1. Politics is the realm of reason -- not of a merely technological, calculating reason, but of moral reason, since the goal of the state, and hence the ultimate goal of all politics, has a moral nature, namely, peace and justice. This means that moral reason (or, perhaps better, the rational insight into what serves justice and peace, i.e., what is moral) must be activated ever anew and defended against anything that might lend obscurity and thus paralyze the capacity for moral insight. One-sided interests form alliances with power and generate myths in various forms that present themselves as the true path to the moral dimension in politics. But in reality, these are blind spots of those who exercise power -- and they make other people blind too.

In the twentieth century, we experienced the formation of two great myths with terrible consequences: racism, with its lying promise of salvation, propagated by National Socialism, and the divinization of revolution against the background of dialectical historical evolutionism. In both case, the primal moral insights of man into good and evil were dismissed. We were told that whatever served the superiority of the race, or anything that served to bring about the future world, was "good," even if the previous insights of mankind would have call it "bad."

After the disappearance of the great ideologies from the world stage, today's political myths are less clearly defined. But even now there exists mythical forms of genuine values that appear credible precisely because their starting point is these values. They are dangerous because they offer a one-sided version of these values in a way that can only be termed mythical. I would say that in people's general consciousness today, there are three dominant values that are presented in a mythical one-sidedness that puts moral reason at risk. There three are progress, science and freedom.

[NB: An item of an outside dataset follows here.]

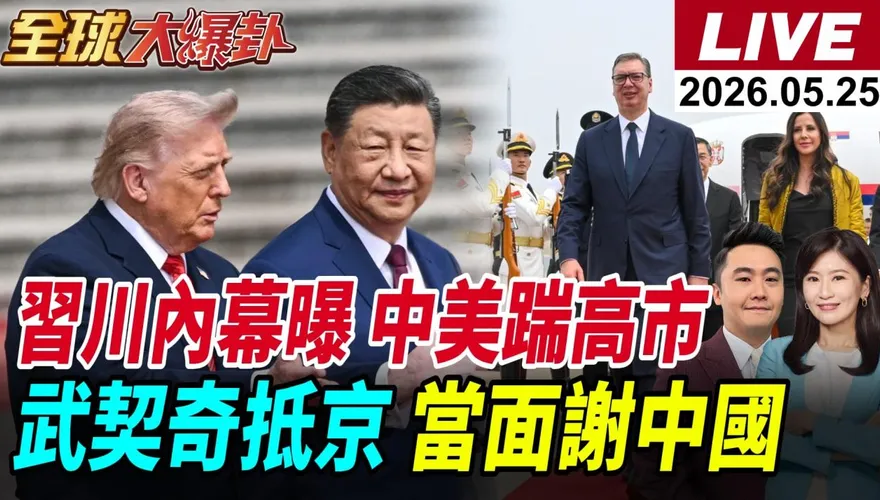 全球大爆卦/聚焦國際權力重組　中日角力、美伊僵局與中塞中巴布局成焦點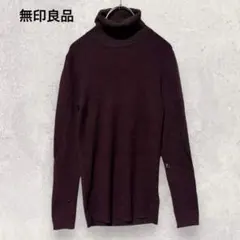 無印良品 ウール タートルネック ニット L 赤紫 長袖 無地 シンプル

2. We are continually obliged to undertake new demythologizing in order that reason may truly come into its own. Yet here again is another myth that must be unmasked, one that confronts us with the ultimately decisive question of rational politics. In many cases, perhaps in virtually all cases, a majority decision is the "most rational" way to achieve common solutions. But the majority cannot be an ultimate principle, since there are values that no majority is entitled to annul. It can never be right to kill innocent persons, and no power can make this legitimate. Here too, what is ultimately at stake is the defense of reason. Reason -- that is, moral reason -- is above the majority. But how is it possible to discern these ultimate values that are the basis of all "rational" and morally correct politics and are therefor binding on every person, irrespective of how majorities may shift and change? What are these values?

Constitutional theory in classical antiquity, in the Middle Ages, and even in the conflicts of the modern period, has appealed to the natural law that can be known by "right reason" (ratio recta). Today, however, this "right reason" seems to have ceased delivering answers to our questions, and natural law is considered, no longer as accessible to the insight of all persons, but rather as a specifically Catholic doctrine. This signifies a crisis of political reason, which is a crisis of politics as such. It seems that all that exists today is partisan reason, no longer a reason common to all men, at least as far as the great fundamental structures of values are concerned. All who bear responsibility for peace and justice in the world -- and in the last analysis, that means all of us -- have the urgent task of working to overcome this state of affairs. This endeavor is by no means hopeless, since reason itself will always make its voice heard against the abuse of power and one-sided partisanship.

In my debate with the philosopher Arcais de Flores, we touched precisely on this point: the limitations of the principle of consensus. The philosopher could not deny that there exist values that even the majority must simply accept. But what are these values? Confronted with this problem, the moderator of the debate, Gad Lerner, asked, "Why not take the Ten Commandments as a criterion?" It is perfectly correct to point out that the Decalogue is not the private property of Christians or Jews: it is a sublime expression of moral reason, and as such it finds echoes in the wisdom of the other great cultures. To take the Ten Commandments as our criterion might be a tremendous help in healing reason so that "right reason" may once again get to work.

This also makes clear what faith can contribute to correct politics. Faith does not make reason superfluous, but it can contribute evidence of essential values. Through the experiment of a life of faith, these values acquire a credibility that also illuminates and heals reason. In the last century (as in every century), it was in fact the testimony of the martyrs that limited the excesses of power, thus making a decisive contribution to what we might call the convalescence of reason.